WORK ORDER:
Scan the records below for the line with "Simpatizantes del PT" and the line with "Used 2023 Nissan Rogue S FWD image 11". Repeat those two lines and every line between them exactly, and nothing else.

::::

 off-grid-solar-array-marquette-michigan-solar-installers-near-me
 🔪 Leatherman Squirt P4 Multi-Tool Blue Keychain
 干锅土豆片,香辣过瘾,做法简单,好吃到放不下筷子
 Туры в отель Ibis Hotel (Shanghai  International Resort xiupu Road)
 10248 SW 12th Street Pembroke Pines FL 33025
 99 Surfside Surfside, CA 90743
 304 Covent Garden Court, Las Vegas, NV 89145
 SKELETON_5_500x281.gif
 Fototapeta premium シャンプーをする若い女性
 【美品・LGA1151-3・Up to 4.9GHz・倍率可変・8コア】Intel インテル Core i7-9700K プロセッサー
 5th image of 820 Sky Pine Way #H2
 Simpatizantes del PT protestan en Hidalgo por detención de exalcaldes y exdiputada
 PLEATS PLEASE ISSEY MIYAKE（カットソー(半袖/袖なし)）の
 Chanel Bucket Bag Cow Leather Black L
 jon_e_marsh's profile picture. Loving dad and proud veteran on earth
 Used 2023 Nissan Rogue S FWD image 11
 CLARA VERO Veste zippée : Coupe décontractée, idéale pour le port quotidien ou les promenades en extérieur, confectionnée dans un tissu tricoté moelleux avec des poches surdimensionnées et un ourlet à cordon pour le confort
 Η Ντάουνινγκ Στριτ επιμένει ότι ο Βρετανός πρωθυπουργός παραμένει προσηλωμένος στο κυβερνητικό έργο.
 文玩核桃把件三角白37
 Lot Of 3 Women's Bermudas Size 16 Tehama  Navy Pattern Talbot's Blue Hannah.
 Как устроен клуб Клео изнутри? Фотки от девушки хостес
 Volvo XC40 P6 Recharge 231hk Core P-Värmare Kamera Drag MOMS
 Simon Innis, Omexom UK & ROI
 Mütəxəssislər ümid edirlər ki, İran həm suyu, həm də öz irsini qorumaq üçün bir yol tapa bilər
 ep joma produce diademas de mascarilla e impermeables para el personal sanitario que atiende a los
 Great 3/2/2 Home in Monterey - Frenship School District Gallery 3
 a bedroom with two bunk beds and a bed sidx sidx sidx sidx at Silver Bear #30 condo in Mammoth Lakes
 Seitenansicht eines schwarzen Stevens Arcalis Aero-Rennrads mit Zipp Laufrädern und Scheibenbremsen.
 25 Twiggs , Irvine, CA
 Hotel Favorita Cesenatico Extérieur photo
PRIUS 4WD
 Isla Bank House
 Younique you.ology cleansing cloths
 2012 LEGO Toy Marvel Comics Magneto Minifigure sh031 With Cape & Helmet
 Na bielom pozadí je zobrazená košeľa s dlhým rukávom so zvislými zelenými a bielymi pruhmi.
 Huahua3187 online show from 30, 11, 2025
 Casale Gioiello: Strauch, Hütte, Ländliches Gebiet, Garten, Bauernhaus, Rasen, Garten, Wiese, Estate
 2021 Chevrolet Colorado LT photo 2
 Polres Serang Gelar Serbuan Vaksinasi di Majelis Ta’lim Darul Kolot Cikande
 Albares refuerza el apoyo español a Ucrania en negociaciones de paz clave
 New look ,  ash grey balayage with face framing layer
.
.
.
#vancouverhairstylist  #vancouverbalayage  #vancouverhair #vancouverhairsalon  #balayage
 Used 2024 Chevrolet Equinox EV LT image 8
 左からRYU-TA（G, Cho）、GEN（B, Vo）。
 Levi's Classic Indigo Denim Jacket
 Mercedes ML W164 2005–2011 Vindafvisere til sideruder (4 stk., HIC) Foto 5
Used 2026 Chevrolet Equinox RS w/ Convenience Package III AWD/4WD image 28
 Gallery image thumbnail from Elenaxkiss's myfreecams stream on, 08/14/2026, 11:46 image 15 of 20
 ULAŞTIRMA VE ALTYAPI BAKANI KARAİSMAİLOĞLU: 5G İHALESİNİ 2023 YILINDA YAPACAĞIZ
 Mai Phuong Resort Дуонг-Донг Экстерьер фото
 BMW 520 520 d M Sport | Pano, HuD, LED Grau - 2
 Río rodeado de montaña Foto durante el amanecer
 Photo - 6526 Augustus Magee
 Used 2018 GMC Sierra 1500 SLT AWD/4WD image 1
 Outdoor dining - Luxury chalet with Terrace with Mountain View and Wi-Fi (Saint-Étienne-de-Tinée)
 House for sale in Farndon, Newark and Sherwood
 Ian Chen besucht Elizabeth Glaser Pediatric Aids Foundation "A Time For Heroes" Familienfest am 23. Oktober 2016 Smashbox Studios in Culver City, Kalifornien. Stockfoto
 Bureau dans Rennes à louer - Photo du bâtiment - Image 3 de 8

::::

ANSWER TO THE EXERCISE:
 Simpatizantes del PT protestan en Hidalgo por detención de exalcaldes y exdiputada
 PLEATS PLEASE ISSEY MIYAKE（カットソー(半袖/袖なし)）の
 Chanel Bucket Bag Cow Leather Black L
 jon_e_marsh's profile picture. Loving dad and proud veteran on earth
 Used 2023 Nissan Rogue S FWD image 11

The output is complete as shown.